[Data block Boundary: Start]

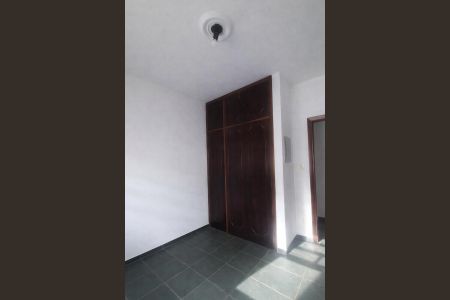 Casa à venda com 155m², 3 quartos e 2 vagasQuarto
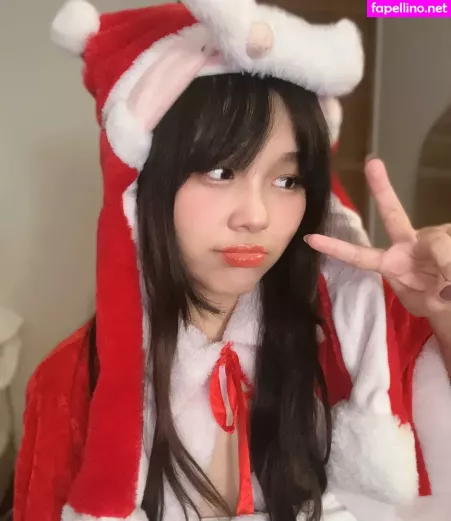Sadparu OnlyFans Thumbnail #X6TXaKeV77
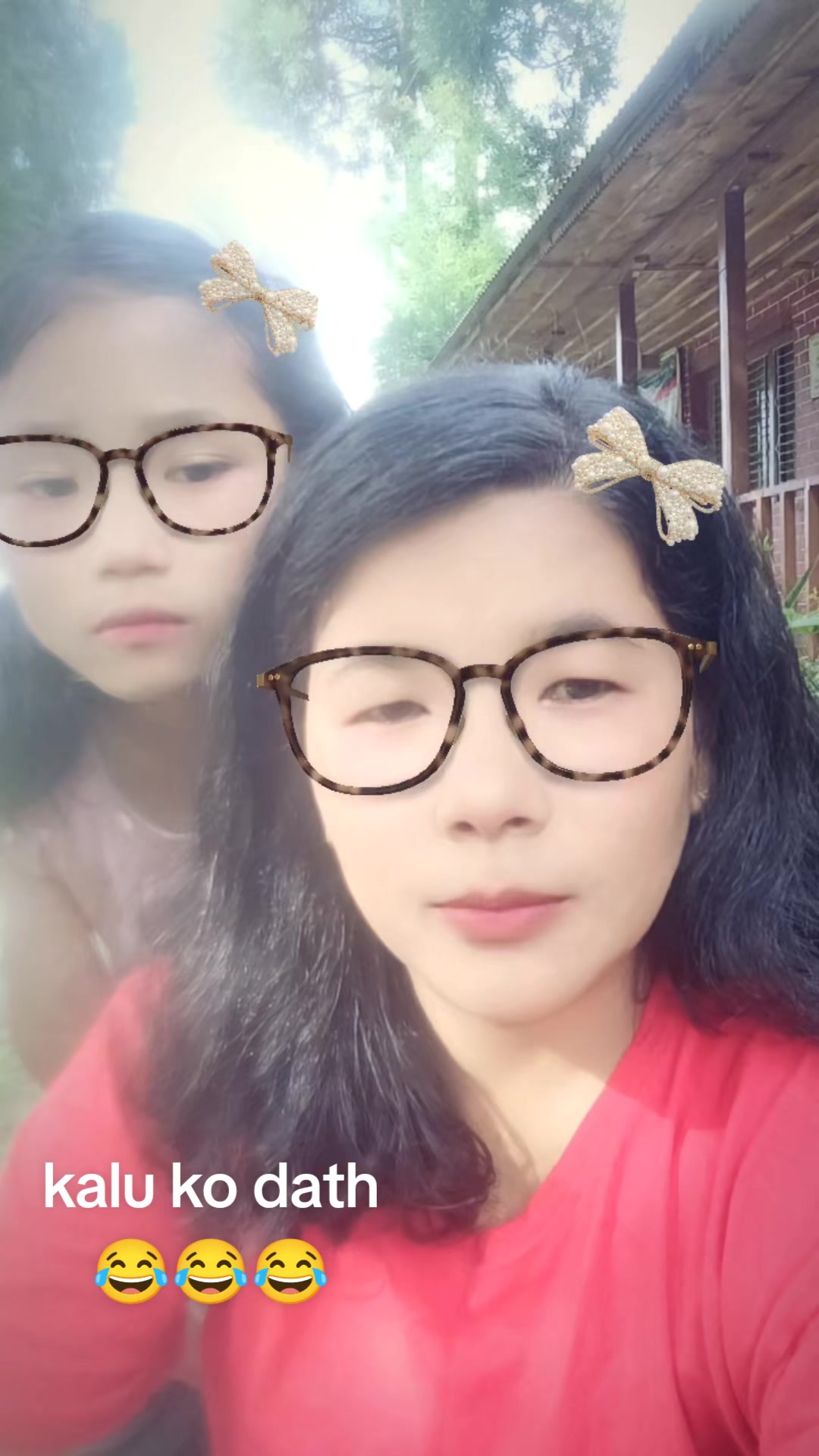 @Grganita97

[Data block Boundary: End]

Task description
Reproduce the listing word for word, but keep the pictures out of it.

Response area
 Casa à venda com 155m², 3 quartos e 2 vagasQuarto
Sadparu OnlyFans Thumbnail #X6TXaKeV77
 @Grganita97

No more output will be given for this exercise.